De quoi relever au passage le poids et l’omniprésence de la position américaine telle qu’elle avait été formulée et réitérée par le département d’État. Le 8 avril, Marco Rubio, secrétaire d’État, a eu une rencontre à Washington avec son homologue marocain Nasser Bourita. Le responsable américain a réaffirmé à cette occasion le soutien de son pays à la proposition marocaine, qualifiée de «sérieuse, crédible et réaliste», comme «seule base d’une solution juste et durable». Il a aussi précisé que «le Président Trump exhorte les parties à s’engager dans des discussions sans délai sur la base de la proposition marocaine comme seul cadre en vue de négocier une solution mutuellement acceptable» et que «les États-Unis faciliteraient le progrès vers cet objectif».
Deux jours plus tard, le 10 avril, c’est Lisa Kenna, sous-secrétaire d’État américaine chargée des affaires politiques, qui a reçu Staffan de Mistura pour lui notifier la nouvelle feuille de toute. Elle lui réitère la position claire des États-Unis: une «véritable autonomie sous souveraineté marocaine est la seule solution envisageable» et l’invitation «des parties à s’asseoir à la table des négociations pour parvenir à un résultat mutuellement acceptable».

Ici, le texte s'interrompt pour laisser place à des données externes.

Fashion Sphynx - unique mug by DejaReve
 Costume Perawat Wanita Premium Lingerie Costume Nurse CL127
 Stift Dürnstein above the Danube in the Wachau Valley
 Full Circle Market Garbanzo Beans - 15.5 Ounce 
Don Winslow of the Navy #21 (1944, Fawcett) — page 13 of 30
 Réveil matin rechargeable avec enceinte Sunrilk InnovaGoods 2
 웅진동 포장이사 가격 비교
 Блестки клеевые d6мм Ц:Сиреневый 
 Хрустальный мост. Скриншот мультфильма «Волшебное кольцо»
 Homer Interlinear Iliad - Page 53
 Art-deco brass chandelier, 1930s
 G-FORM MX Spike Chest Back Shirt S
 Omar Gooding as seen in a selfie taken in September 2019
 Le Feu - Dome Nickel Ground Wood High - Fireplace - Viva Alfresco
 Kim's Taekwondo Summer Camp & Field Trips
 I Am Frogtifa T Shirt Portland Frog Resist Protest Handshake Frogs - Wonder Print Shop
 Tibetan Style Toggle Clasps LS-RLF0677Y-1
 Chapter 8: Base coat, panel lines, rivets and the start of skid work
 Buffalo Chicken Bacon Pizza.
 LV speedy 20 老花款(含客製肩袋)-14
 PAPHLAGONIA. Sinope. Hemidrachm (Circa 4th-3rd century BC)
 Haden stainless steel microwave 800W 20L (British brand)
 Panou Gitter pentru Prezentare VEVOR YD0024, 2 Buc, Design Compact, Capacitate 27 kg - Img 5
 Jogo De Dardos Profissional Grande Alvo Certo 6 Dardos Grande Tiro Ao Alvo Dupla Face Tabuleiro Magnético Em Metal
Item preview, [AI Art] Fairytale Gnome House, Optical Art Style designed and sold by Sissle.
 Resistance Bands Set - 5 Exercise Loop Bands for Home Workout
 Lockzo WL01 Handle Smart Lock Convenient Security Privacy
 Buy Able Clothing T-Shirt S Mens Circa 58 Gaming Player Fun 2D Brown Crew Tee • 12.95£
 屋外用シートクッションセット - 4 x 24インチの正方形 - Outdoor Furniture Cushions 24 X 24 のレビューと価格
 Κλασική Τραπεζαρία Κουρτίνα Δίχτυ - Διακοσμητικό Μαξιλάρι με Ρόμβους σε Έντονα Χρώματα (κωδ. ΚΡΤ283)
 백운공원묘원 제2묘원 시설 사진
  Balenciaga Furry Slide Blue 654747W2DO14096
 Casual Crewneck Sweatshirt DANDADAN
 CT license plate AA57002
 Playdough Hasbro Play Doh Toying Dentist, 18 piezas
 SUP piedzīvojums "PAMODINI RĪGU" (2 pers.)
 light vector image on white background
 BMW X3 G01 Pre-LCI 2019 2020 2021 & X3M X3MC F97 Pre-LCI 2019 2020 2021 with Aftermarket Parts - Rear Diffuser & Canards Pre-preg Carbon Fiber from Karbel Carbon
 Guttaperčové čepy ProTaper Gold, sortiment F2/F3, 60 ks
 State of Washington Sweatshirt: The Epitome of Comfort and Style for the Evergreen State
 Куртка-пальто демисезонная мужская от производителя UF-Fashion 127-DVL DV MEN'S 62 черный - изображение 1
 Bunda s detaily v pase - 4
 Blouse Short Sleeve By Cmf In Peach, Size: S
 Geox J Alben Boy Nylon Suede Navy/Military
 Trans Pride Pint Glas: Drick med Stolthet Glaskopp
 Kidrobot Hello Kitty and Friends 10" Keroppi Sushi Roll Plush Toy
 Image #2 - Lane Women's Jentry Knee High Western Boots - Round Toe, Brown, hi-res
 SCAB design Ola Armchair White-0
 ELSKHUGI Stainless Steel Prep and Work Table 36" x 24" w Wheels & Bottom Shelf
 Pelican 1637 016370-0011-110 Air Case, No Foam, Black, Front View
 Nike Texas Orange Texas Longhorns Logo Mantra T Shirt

L’administration Trump est donc désormais à la barre. Les prochains mois vont-ils permettre de donner suite à cet engagement américain? Ce qui est à l’ordre du jour concerne plusieurs points: le retour d’Alger, principale partie, au cadre de négociation des tables rondes, ou sous d’autres formes; le respect par le mouvement séparatiste du cessez-le-feu qu’il a dénoncé le 20 novembre 2020; le seul plan marocain d’autonomie comme base des négociations. Des pré-requis incontournables que les États-Unis vont être soucieux de valider dans les mois à venir. Le processus des Nations unies en la matière et la légalité internationale qu’invoque volontiers et abusivement l’Algérie sont précisément dans ce champ-là. Pas dans la propagande d’Alger, qui ne trompe plus personne au regard du large consensus international autour de la marocanité du Sahara.